Bir yandan da birileri Ergenekon'u savunuyor. Israrla görmezden geliyor...

Tabii küçük gösterilecek bir şey değil. Ama asıl cüssesinin üzerine gidileceği pek şüpheli. Mesut Yılmaz olmadan derin devlet olur mu?

Bu davadan bir temizlik çıkacak mı?

Yarım bile değil, çeyrek bir şey çıkacak. Üç beş savcı çözemez. Sistem çözmeli. Ama sistem buna hazır değil. Fazla kurcalanırsa olmadık yerlere gidebileceğinden endişe duyulduğu için birçok kişiye dokunulamıyor.

Ergenekon soruşturması bir kamplaşmaya da yol açtı. Bir rejim kavgasına dönüştürüldü. Bu kavganın temelinde ne var?

Burada daha çok ekonomik bir kavga var. AKP iktidara geldiğinden beri ülkenin üretim alanında, zenginlik paylaşımları alanında paraların deplase olduğunu biliyoruz. Doğaldır da. Bunlar olacak. Bu olurken 'benim paramı alıyorlar' diye bakıyor bir taraf. Diğer taraf da 'daha alacağım para var' diye düşünüyor. Maddî tabanlı bir sosyal çatışma var.
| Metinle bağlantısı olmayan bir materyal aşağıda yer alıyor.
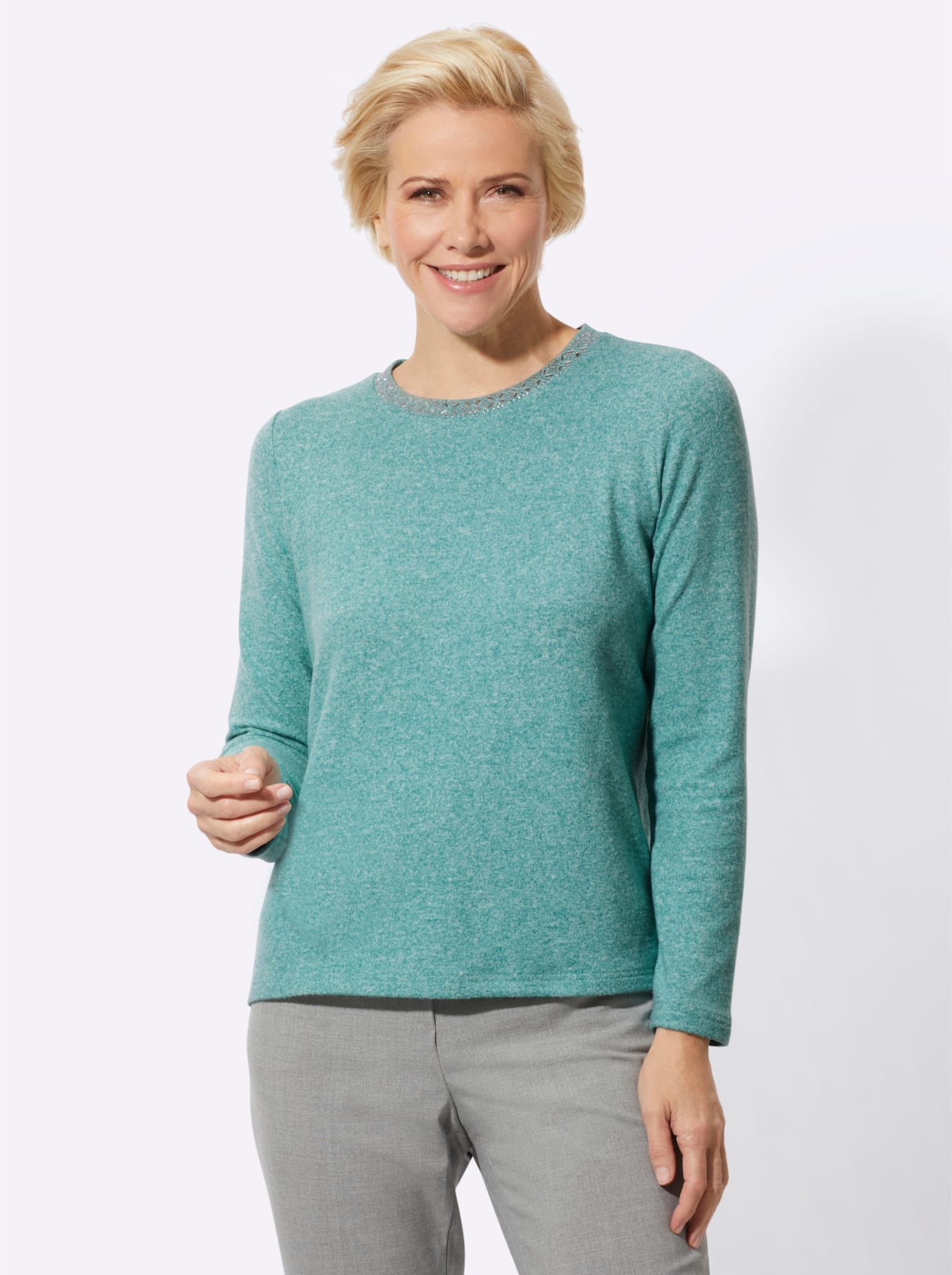 Classic Rundhalsshirt "Winter-Shirt" 1 Stk. tlg. günstig online kaufen
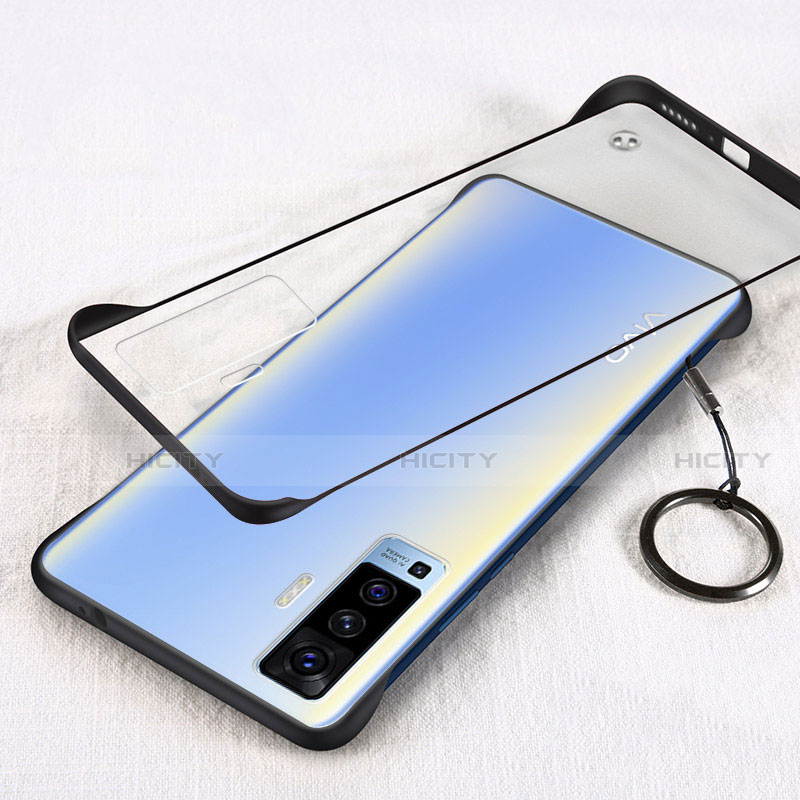 Carcasa Dura Cristal Plastico Funda Rigida Transparente H01 para Vivo X50 5G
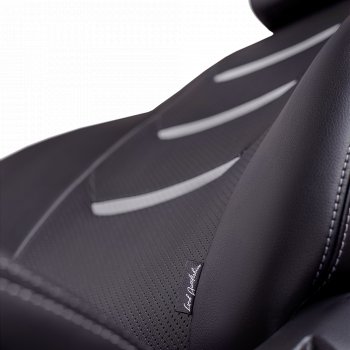 Комплект чехлов для сидений Hyundai Solaris RB рестайлинг седан (2014-2017) Lord Autofashion Турин 2 (экокожа, раздельная спинка). (Серый/Серый/Чёрный/Чёрный)Цена: 7 999 р.. Увеличить фотографию 3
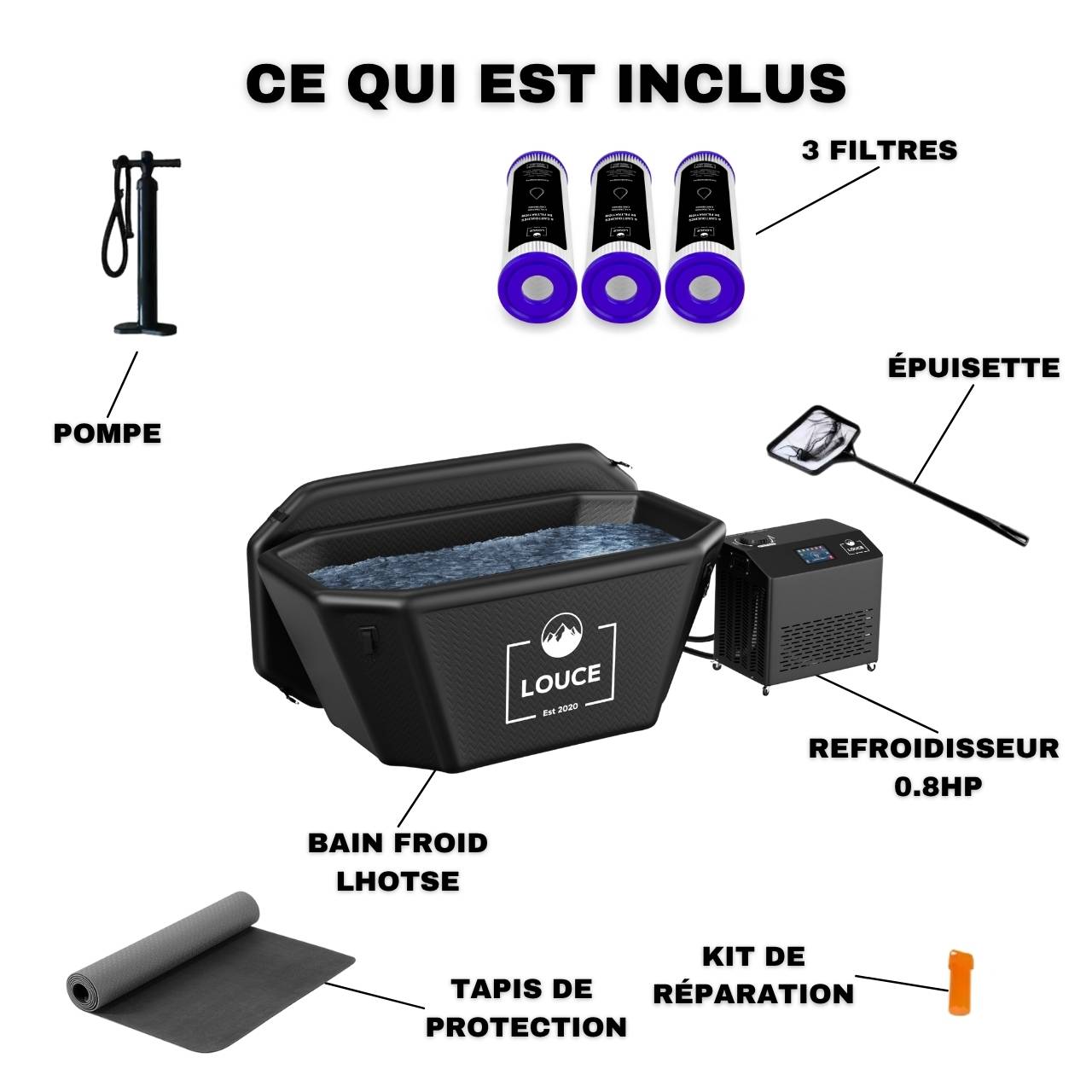 bain froid électrique accessoire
AK Parti'ye muhalefet edenler 'Türkiye elden gidiyor. AK Parti vatana ihanet ediyor.' görüşünü dillendiriyor. Türkiye gerçekten elden gidiyor mu?

Türkiye elden gitmez. Ama Türkiye'nin başı derde giriyor yer yer. Vatana ihanet suçlaması ise masum bir laf değil. Bir suç tarifi o. Bu adımlar, Kürt açılımı vs.. sakarlıklar olursa adamı Yüce Divan'a götürür. Her siyasetçi iktidar elindeyken yakın gelecekte gücünü kaybetmeyecek bile olsa -büyük bir ihtimalle Tayyip Erdoğan bir daha seçilecek, belki cumhurbaşkanı olacak- sonrasını düşünür. An gelir, yorulursun. Dünya denklemi, Türkiye denklemi değişir. İktidardan gidersin. O cümle boşuna kullanılmıyor.